I have read over 100 books this year, 2016, and The Gilded Cage is in the top 3. It is a finely crafted novel. It will be released in February 2017 along with an audiobook version. I suggest you pre-order both as soon as available. I read 99% of books in electronic version due to a movement disorder. Gilded Cage and any sequels will be ordered in hardback. These I plan to give to my future grandchildren when they are old enough.
There are two main families in Gilded Cage. The Jardines , the “haves’, and the Hadleys, the “have nots”. It is what they have or not that makes this novel so unique. The Jardines have “Skill”. The Hadleys do not. Skill is the ability to use magic. This is not the learn the spells and potions of Harry Potter magic. This is the intuitive, instinctual, primal magic that flows from the individual’s soul. Not everyone can do the same things with Skill and not everyone has the same strength of Skill.
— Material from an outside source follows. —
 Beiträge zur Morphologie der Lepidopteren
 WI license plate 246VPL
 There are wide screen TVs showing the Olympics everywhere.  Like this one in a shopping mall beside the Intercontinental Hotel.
The universe Gilded Cage is set in has always had Skill as a part of it. The difference in England begins when King Charles the first (and last) is not overthrown by puritans. He is executed by a powerful Skill member of the aristocracy. A new system of government is set up. Parliament with only Skilled members. A few token Unskilled are allowed as observers. Other countries have different systems. In the States United of America, the Civil War was fought. The North has outlawed Skill while the South continues to follow the same system as Britain.
But the worse change is the years of slavery forced on the Unskilled. Each Unskilled man, woman, and child must serve ten consecutive years in slavedays to the Skilled. That slavedays can be in a factory area working six days a week, with barely enough food, and no rights. It can be served on the estate of one of the Skilled. It can be served when one is young or old or anytime in between but it must be served. Whether in slavedays or before or after, the Unskilled have no rights. They can be beaten, raped, killed and all with no consequence to the Skilled who did it or to the Unskilled who did it under the direction of a Skilled. This is the world which the Jardine and Hadleys cross paths.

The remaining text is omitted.